The purpose of the study, conducted by Quattrin and co-investigator Emily Liu, M.D., UB research assistant professor of pediatrics at Kaleida Health's Women's and Children's Hospital in Buffalo, was to identify characteristics of obese children who are referred to the hospital's pediatric endocrine specialists, determine the age of onset of obesity and analyze the results of treatment recommendations.

Statistics indicate between 16 and 33 percent of U.S. children and adolescents are obese, and childhood obesity is rising at an alarming rate. Compared to children of normal weight, overweight children are much more likely to become overweight adults, with all of the health problems associated with adult obesity.
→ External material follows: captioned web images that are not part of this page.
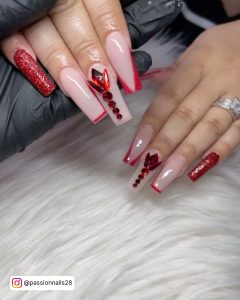 Red Diamond Nail Designs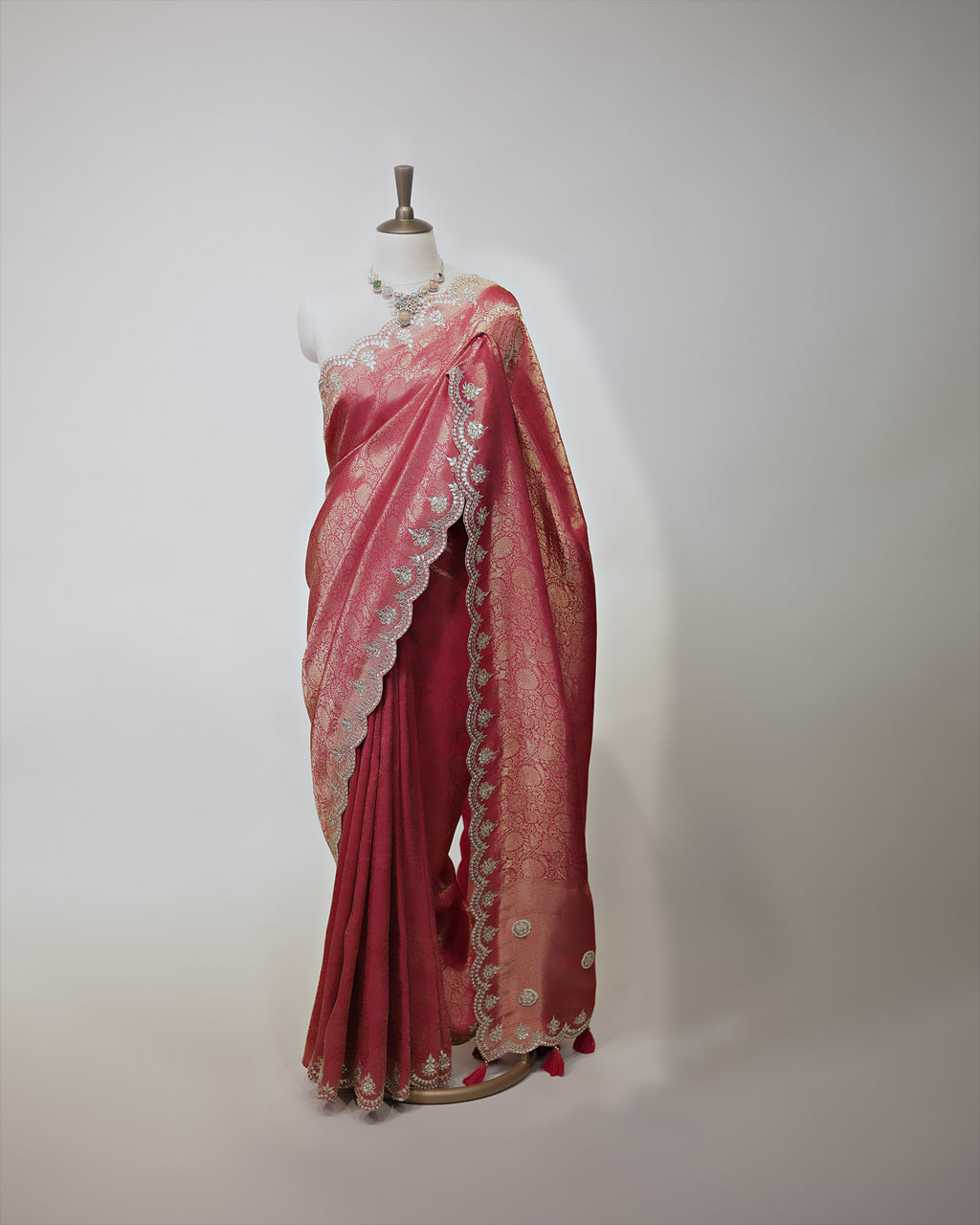 CORAL RED BANARASI SILK SAREE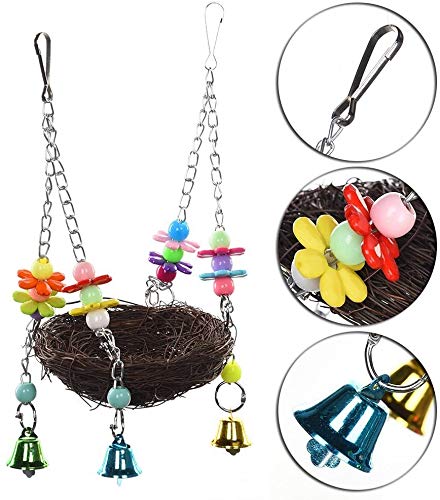 Bird Swing Nest Chew Toy with Bells Natural Rattan for Small Medium Parrots Parakeet Cockatiel Cockatoo African Grey Canary Conure Finch Lovebird Cage Accessories (S)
Because there are few treatment options, obese children often are referred to an endocrinologist.

To get a sense of what is happening with one group of obese children, the Buffalo researchers reviewed medical records of 385 children who were seen by endocrinologists at the hospital between 1984 and 2002. Girls accounted for 57.6 percent of the total group, which was 75 percent Caucasian, 17 percent African-American, 3 percent Hispanic and 2 percent "other."

Obesity was defined as having a body-mass index (BMI, a ratio of height squared to weight) at or above the 85th percentile for age for two years or more. The researchers also had information for some children on bone age, glucose and insulin levels, liver function tests and cholesterol. They obtained growth data from primary-care physicians to determine how old the children were when they hit the obesity mark.

At the initial visit, parents or caretakers received extensive counseling on diet and activity recommendations, along with written guidelines, and were advised to meet with a dietician.

Two-year follow-up data were available for 110 children. This data showed that during that period, BMI increased on average from 29.2 to 31.5. (Optimal BMI for children depends on the child's age; for adults the healthy range is 19-25.)

"Clearly referral to pediatric endocrinologists and dieticians is not effective in treating childhood obesity," said Liu. "An effective weight-loss program should not only focus on children, it should also include the parents and the school system. Obese children likely have obese parents. High-calorie school lunches may add to the problem."

Even though there may be a genetic predisposition for obesity, other factors play important roles, she said, including food available at home and school, environmental factors such as a watching TV, playing computer games, and lack of exercise, and the role model of parents.

Additional results showed that 86 percent of 177 children were obese before the age of six, and children were obese for an average of three years before they were referred to an endocrinologist. Abnormally high insulin levels were found in children as young as 4 years old, and eight of 43 children with abnormally high insulin levels were younger than 10. In addition, 13 percent of 147 children had abnormal liver-function tests.

"Our data show it is very important for obesity intervention to begin at the preschool level," Liu said. "It is also crucial to monitor all potential comorbidities in obese children, such as liver function and insulin levels, to prevent early onset of chronic disease. 'Fatty liver' is common in obesity, and the condition can lead to a disease called nonalcoholic steatohepatitis, which, in turn, can develop into cirrhosis. A high insulin level is associated with diabetes, especially in children with a family history of diabetes.

"Perhaps the epidemic of obesity can be stopped if we intervene very early with an intensive behavioral modification program," said Liu.

The research was supported in part by a summer student grant from the Lawson Wilkins Pediatric Endocrine Society to medical student Natalie Shaw and a Stransky Award from the Women and Children's Foundation.